Saturday, January 26, 2008

Poetry


Apparently the following is from a sermon on death delivered in St Paul's Cathedral on Whitsunday 1910, while the body of King Edward VII was lying in state at Westminster. The author, Canon Henry Scott Holland (see picture), also wrote the hymn, Judge Eternal Throned in Splendour, which I rather like, but I suppose that's at least partly because it's a good tune.
Anyway, I find the following very helpful.

Death is nothing at all. I have only slipped away into the next room. I am I, and you are you. Whatever we were to each other, that we still are. Call me by my old familiar name, speak to me in the easy way which you always used. Put no difference in your tone, wear no forced air of solemnity or sorrow. Laugh as we always laughed at the little jokes we enjoyed together. Play, smile, think of me, pray for me. Let my name be ever the household word that it always was, let it be spoken without effort, without the trace of a shadow on it. Life means all that it ever meant. It is the same as it ever was; there is unbroken continuity. Why should I be out of mind because I am out of sight? I am waiting for you, for an interval, somewhere very near, just round the corner.

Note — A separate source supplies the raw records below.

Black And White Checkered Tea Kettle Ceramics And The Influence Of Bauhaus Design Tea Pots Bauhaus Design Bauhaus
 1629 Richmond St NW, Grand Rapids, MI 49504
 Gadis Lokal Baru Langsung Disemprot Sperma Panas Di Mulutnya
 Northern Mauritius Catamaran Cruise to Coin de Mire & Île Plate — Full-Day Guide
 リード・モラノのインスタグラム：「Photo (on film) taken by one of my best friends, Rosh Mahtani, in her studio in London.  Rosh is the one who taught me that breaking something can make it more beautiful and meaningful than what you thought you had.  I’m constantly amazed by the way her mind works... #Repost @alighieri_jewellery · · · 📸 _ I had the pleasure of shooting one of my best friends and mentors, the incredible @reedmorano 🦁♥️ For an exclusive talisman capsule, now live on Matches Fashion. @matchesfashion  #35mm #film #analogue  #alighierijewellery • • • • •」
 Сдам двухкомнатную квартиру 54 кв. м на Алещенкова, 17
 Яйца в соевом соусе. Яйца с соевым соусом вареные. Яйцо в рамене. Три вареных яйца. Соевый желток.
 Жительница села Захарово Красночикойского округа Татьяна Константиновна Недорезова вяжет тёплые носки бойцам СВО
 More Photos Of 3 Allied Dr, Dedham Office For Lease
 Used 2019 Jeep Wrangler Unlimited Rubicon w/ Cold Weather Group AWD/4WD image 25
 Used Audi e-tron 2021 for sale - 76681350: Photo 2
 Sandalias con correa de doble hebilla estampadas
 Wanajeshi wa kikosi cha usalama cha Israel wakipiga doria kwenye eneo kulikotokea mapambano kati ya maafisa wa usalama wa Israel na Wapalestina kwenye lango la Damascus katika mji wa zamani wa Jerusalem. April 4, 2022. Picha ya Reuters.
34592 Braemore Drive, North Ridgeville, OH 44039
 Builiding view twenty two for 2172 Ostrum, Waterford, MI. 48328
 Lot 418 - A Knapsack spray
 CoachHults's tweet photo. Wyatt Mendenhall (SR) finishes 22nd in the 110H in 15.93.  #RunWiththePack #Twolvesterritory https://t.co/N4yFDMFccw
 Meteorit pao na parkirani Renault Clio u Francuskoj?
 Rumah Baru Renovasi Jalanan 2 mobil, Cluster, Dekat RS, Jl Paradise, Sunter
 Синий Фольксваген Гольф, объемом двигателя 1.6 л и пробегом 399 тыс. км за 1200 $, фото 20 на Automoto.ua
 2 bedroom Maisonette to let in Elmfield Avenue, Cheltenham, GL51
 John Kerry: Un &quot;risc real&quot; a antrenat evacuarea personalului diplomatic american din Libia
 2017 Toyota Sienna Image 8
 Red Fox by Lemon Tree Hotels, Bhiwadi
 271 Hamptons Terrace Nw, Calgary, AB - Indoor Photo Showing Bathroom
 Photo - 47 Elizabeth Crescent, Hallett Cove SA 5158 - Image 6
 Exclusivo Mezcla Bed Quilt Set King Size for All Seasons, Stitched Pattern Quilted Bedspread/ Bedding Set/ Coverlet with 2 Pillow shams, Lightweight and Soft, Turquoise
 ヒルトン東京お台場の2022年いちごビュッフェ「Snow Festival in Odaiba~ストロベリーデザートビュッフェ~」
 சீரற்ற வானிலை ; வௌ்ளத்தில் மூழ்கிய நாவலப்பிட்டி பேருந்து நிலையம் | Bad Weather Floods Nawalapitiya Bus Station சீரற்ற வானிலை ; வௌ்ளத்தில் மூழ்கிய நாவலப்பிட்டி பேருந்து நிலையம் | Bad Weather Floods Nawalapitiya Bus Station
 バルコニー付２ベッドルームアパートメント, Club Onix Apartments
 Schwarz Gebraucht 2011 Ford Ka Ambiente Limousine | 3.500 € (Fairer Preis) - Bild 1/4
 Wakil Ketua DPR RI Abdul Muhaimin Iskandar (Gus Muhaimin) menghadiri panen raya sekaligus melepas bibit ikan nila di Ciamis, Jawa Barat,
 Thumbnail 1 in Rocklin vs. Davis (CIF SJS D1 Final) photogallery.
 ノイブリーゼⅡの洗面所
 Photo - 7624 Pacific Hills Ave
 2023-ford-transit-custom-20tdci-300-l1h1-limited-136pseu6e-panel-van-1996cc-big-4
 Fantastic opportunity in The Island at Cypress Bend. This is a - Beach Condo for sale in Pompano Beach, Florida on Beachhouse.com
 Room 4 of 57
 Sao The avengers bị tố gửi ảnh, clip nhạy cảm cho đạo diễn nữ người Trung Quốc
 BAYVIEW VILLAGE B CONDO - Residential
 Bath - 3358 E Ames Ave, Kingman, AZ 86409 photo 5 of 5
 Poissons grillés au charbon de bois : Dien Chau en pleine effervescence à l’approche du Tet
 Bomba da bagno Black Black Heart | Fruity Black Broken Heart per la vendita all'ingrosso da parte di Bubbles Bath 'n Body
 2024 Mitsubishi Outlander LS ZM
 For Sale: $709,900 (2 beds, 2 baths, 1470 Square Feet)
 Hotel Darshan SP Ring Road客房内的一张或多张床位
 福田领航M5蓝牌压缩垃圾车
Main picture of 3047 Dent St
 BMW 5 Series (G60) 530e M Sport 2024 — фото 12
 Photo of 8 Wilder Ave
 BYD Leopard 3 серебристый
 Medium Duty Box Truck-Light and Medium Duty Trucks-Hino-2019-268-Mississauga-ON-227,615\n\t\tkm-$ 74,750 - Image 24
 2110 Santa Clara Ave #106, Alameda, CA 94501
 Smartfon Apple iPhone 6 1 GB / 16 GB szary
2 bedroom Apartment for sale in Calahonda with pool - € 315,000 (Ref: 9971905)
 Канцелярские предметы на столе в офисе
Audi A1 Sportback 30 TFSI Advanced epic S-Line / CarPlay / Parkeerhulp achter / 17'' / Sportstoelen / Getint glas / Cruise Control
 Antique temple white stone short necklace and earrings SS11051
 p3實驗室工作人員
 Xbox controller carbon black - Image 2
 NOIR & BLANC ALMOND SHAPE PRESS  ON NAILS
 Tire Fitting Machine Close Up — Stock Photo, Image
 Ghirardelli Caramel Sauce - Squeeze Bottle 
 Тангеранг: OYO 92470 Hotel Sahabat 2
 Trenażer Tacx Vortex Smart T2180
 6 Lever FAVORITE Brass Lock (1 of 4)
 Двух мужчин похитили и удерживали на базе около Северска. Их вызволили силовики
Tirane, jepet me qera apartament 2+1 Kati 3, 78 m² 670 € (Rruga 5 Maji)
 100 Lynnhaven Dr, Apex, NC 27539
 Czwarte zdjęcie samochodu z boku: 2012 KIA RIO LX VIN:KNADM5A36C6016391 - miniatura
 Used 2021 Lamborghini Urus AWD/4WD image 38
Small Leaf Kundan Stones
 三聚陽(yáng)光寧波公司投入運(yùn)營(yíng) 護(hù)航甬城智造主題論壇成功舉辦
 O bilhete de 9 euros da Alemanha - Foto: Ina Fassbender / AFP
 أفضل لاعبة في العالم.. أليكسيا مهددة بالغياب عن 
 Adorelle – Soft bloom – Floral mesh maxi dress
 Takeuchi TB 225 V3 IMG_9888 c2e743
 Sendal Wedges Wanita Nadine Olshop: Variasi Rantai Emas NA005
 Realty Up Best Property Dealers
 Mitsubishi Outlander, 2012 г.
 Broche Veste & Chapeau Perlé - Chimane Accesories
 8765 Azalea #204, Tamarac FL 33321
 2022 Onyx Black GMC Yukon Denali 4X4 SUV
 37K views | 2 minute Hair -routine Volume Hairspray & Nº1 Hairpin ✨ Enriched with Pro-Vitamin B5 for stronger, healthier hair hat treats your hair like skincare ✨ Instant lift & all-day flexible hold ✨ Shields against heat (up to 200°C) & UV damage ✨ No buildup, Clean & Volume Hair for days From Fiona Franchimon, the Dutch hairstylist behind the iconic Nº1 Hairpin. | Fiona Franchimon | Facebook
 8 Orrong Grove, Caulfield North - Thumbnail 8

All is well.

Henry Scott Holland (1847-1918) Canon of St Paul’s Cathedral.

2 comments:

  1. This comment has been removed by a blog administrator.

    ReplyDelete
  2. Nothing sinister about the fact that I have just removed a comment from this post, it's just that it used my real name and that of the friend who posted it, and I tend to try not to use real names, including mine, on my Blog.

    The comment was from a good friend expressing sympathy at the death of my grandmother, which is what prompted my post in the first place.